Everything you need to know about charging your electric car

Making the switch from petrol or diesel to an electric car can be a minefield of new information.

Not only can your new car feel completely different to drive to begin with, but when you take out an electric car lease you also have to consider all this new information you didn’t before, like how far you can drive on a single charge and where you might be able to charge your car.

We’ve compiled a list of our best tips and advice on how to charge your electric car, so you know exactly what you’re doing, and what the best method of charging is going to be for you.

And – though it might seem baffling at first glance – it’s a really simple process, we promise.

Mercedes-Benz EQA charger

Charging at home

Charging at home will ultimately be the most cost-effective way to make sure your lease car is charged up and ready to go at the drop of a hat.

For most people, getting an at-home electric car charger is convenient, affordable and hassle-free if you own your home (or have permission from the landlord) and have access to off-street parking. 

You can charge with a regular three-pin socket in a pinch, but it’ll take a lot longer than just an overnight charge to get your car’s battery fully juiced and ready to go.

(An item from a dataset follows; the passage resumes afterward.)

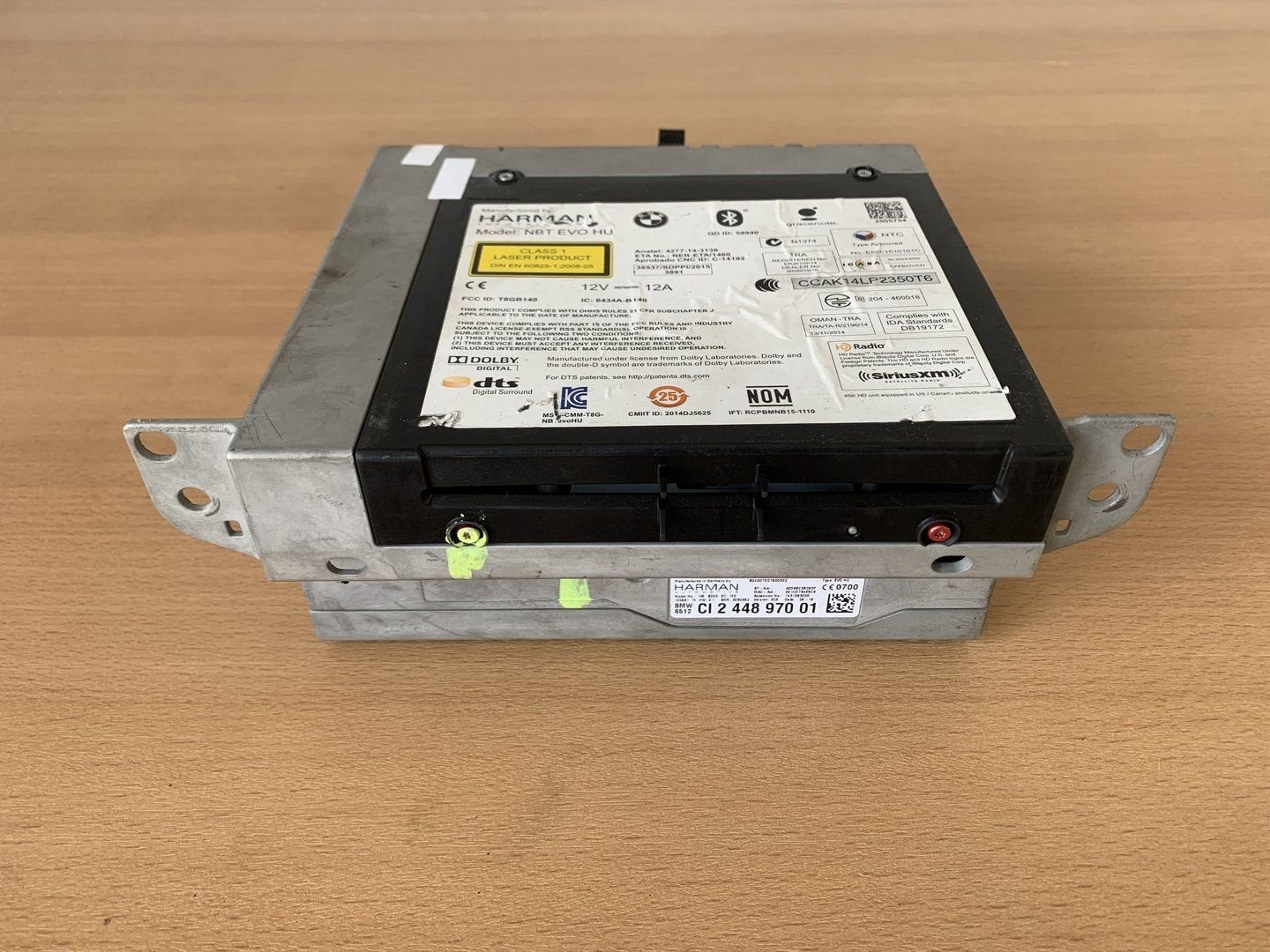 navigatie module BMW 65122448970 BMW F10 F15 X5 5-serie, Gebruikt, -, -, Ophalen of Verzenden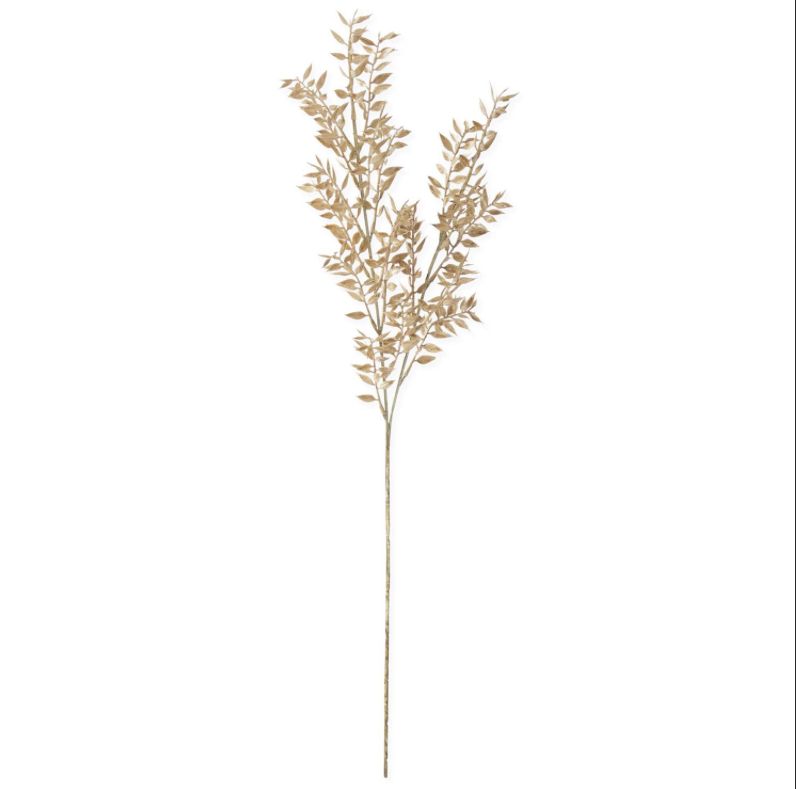 30" Taupe Ruscus Leaf Spray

Dedicated chargers are generally capable of delivering 7kW of power, which is three times faster, and will get your battery to full in around seven to nine hours – depending on its size.

As long as you remember to plug your car in overnight, you’ll never be caught short.

Charging at work

With many businesses looking to improve their green credentials and encourage workplace EV uptake, you might find that your employer has electric charge points available for you to use at work.

If this is the case, you might not even need to bother with an at home charger.

Instead, you can charge your car during the workday, and drive home at night with the peace of mind that your battery is fully charged at potentially no additional cost to you.

If your office doesn’t have electric chargers installed, but it’s something they’re willing to investigate to help hit their sustainability goals and potentially encourage more people into an electric car salary sacrifice scheme, then your employer could look at the government’s Workplace Charging Scheme (WCS).

Tesla Model Y

It’s a voucher-based scheme that gives employers money towards the up-front costs of installing electric car chargers, and can reduce the upfront costs by up to 75%. 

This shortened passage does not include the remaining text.